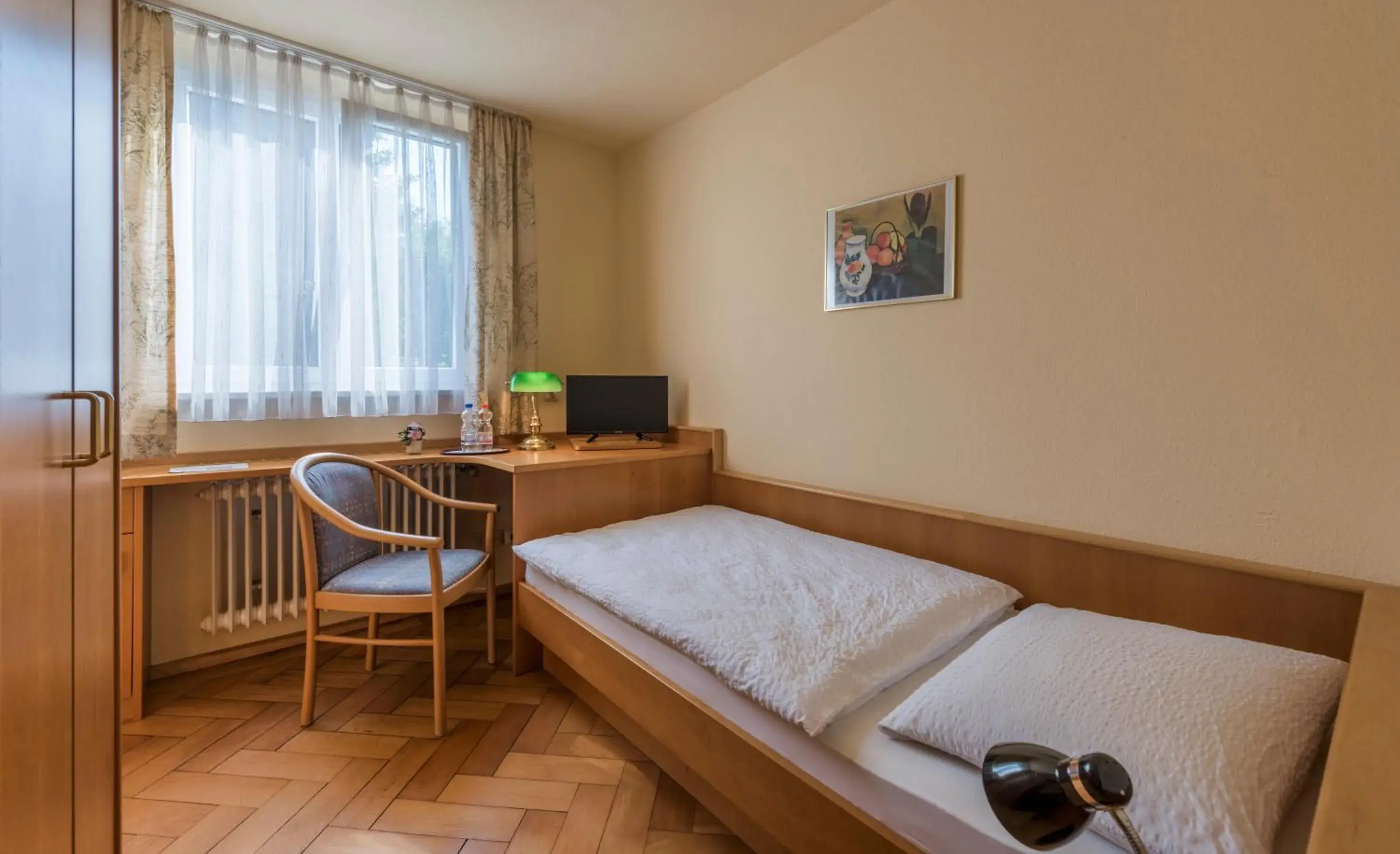 Budget Single Room in Gasthaus zur Schnecke Kandern Budget Single Room in Gasthaus zur Schnecke Kandern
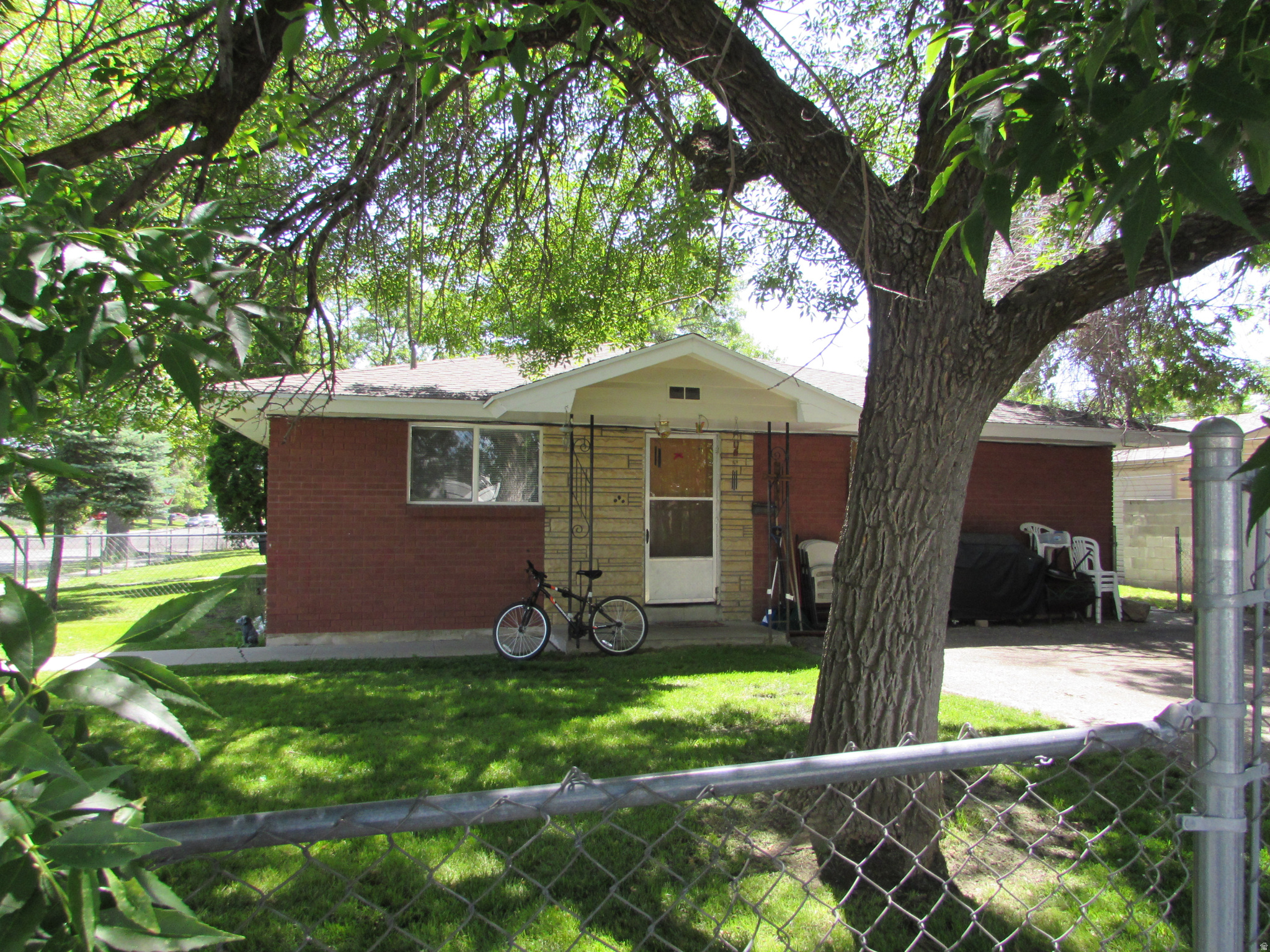 OAKLEY SUB - Residential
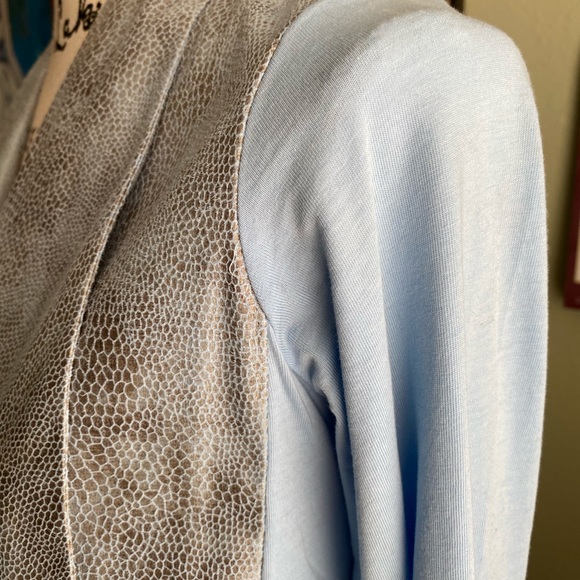 Gorgeous Moto-Cotton Model Light Cardigan By: G - Picture 12 of 15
----
• _What is required_:
Would you copy out the data exactly, leaving every picture out?

• _Finished task_:
 Budget Single Room in Gasthaus zur Schnecke Kandern Budget Single Room in Gasthaus zur Schnecke Kandern
 OAKLEY SUB - Residential
 Gorgeous Moto-Cotton Model Light Cardigan By: G - Picture 12 of 15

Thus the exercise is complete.